From time to time I receive e-mails or comments from people who think that talking about female perpetrated sexual abuse is an attempt to portray women in a negative way. Others have commented that there is some anti-female agenda behind all this. Even though the About Uspage clearly spells out that this is not the case.
But this has happened to others in the past that have talked about this issue. For example in 1992 some people were not pleased about the conference that Kidscape was holding about female sexual offenders.
So I wanted to make this post as a follow up to the previous post titled Female Sex Offenders – Why talk about them?

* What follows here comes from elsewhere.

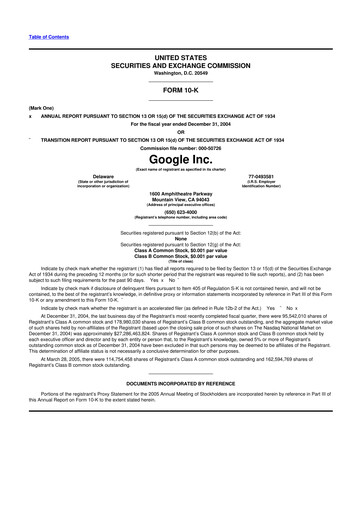 Thumbnail Alphabet (Google) 10-K Annual Report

There are still many people who automatically think “male” when the term sex offender or sexual abuse is used. While it is true that the majority of cases of sexual abuse are done by men (the percentage varies depending on the situation) that does not mean that we should totally ignore female sex offenders.
By ignoring the issue of female perpetrated sexual abuse we are able to be only partially successful when talking about sexual abuse, or abuse in general for that matter, because we only focus on part of the problem. By ignoring it we make adults, teens and children more vulnerable to female offenders and less protected.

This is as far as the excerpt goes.